● **EXERCISE INSTRUCTIONS**
From the line with "Genuine leather gloves" through the last line of the records below, both ends included, transcribe only those lines, exactly, and omit the pictures.

[DATA UNDER STUDY]

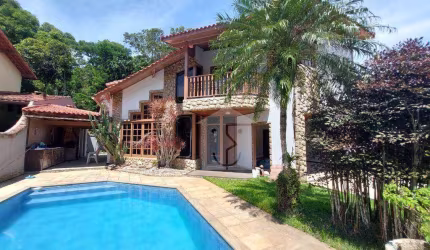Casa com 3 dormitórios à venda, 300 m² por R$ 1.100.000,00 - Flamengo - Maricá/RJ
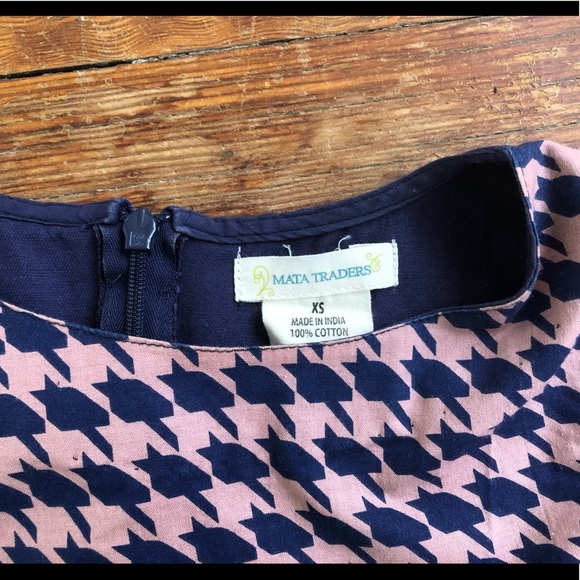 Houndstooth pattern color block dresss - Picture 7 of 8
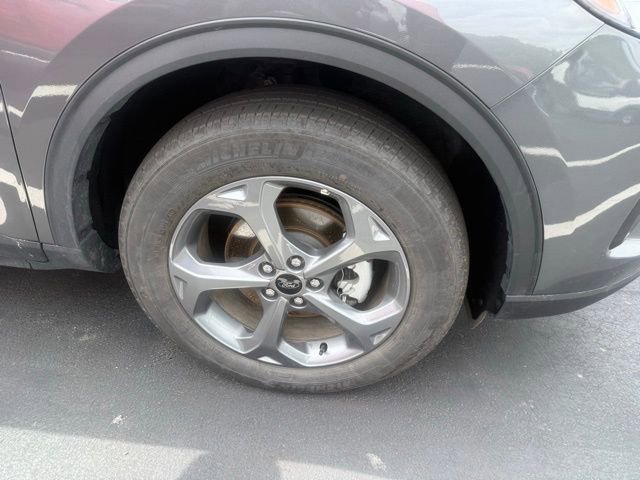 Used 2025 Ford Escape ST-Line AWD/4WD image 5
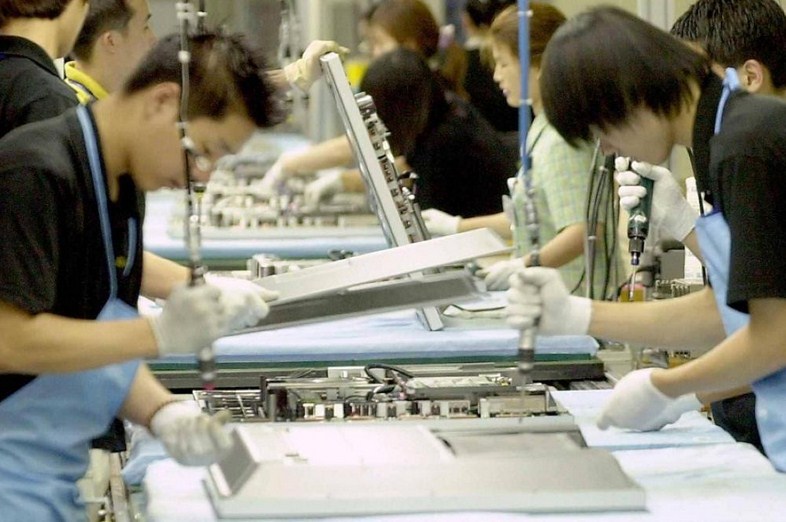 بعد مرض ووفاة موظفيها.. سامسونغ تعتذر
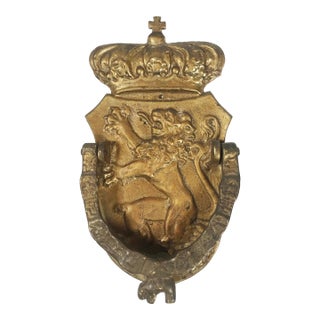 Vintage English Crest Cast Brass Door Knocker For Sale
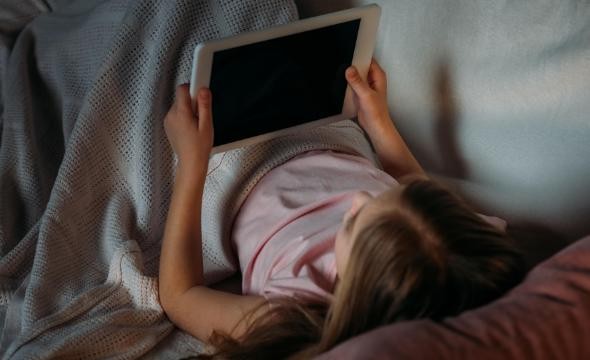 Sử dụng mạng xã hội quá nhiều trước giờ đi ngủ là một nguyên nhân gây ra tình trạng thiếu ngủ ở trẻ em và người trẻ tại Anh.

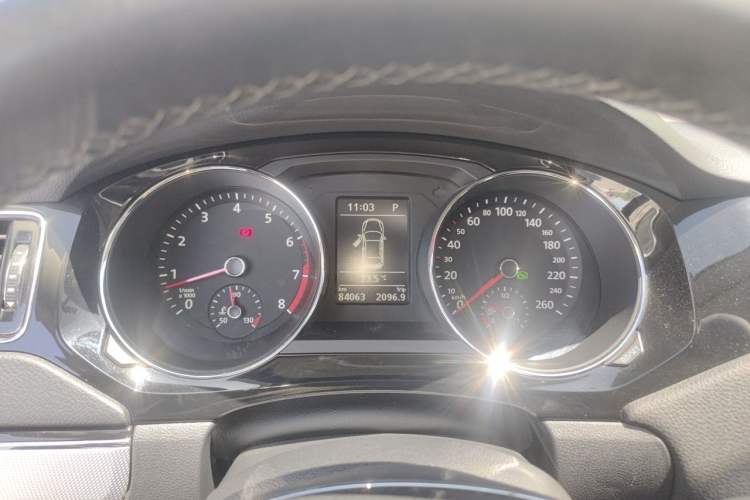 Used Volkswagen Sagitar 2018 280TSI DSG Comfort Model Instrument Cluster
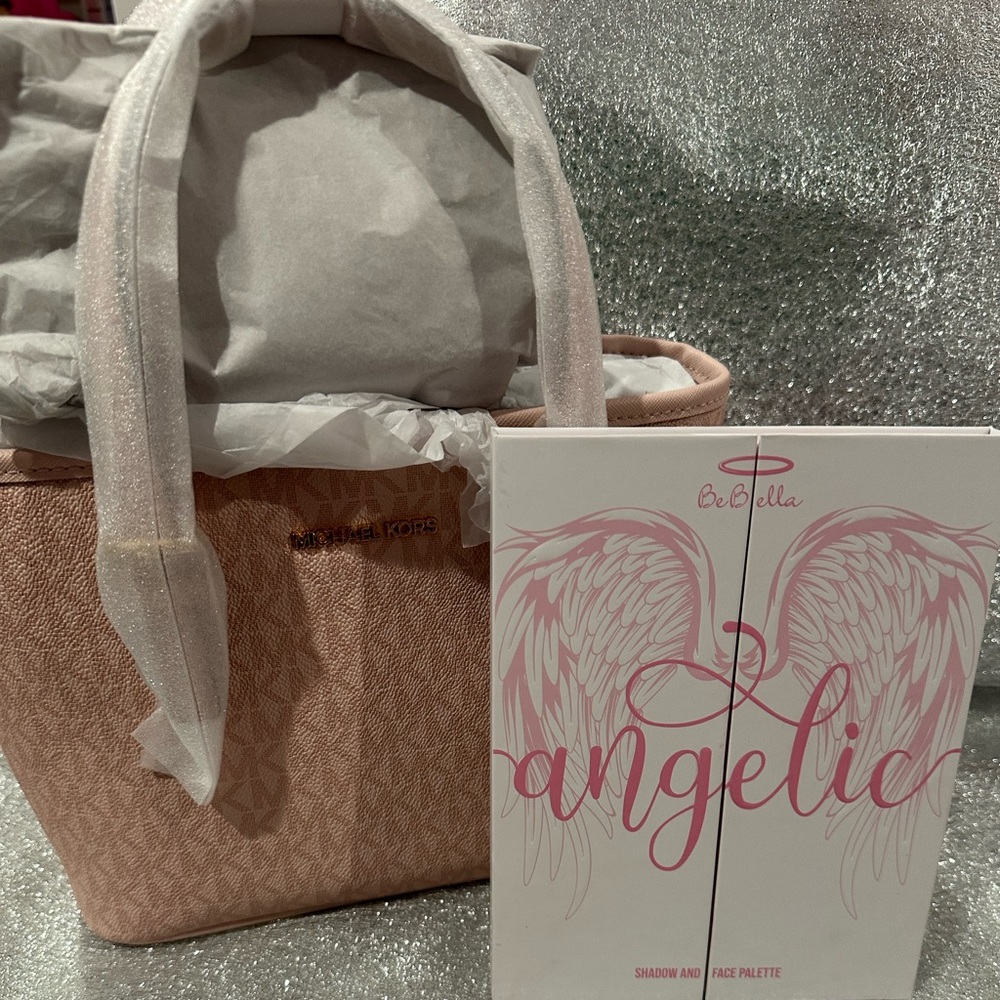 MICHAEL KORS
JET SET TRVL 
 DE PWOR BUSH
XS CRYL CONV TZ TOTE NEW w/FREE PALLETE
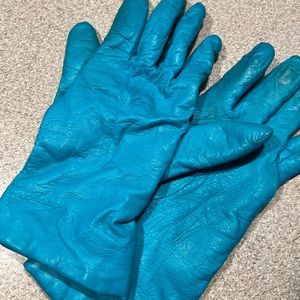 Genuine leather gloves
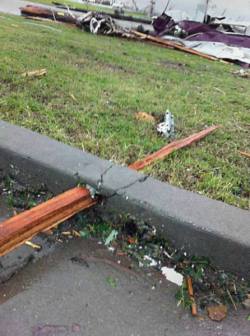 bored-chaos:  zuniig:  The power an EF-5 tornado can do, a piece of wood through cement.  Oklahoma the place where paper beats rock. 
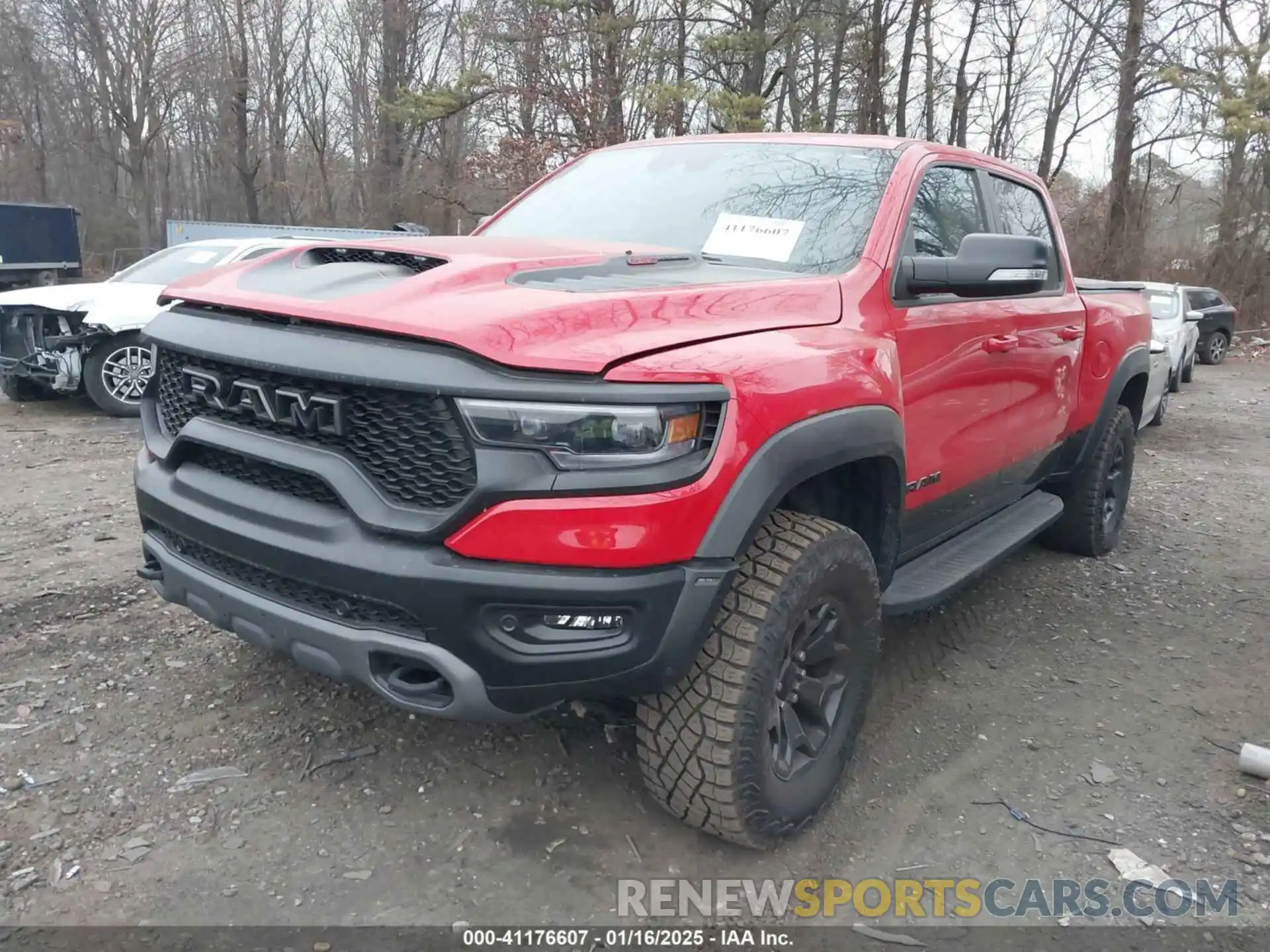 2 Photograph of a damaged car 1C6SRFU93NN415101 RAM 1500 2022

[/DATA UNDER STUDY]

● **EXERCISE SOLUTION**
 Genuine leather gloves
 bored-chaos:  zuniig:  The power an EF-5 tornado can do, a piece of wood through cement.  Oklahoma the place where paper beats rock. 
 2 Photograph of a damaged car 1C6SRFU93NN415101 RAM 1500 2022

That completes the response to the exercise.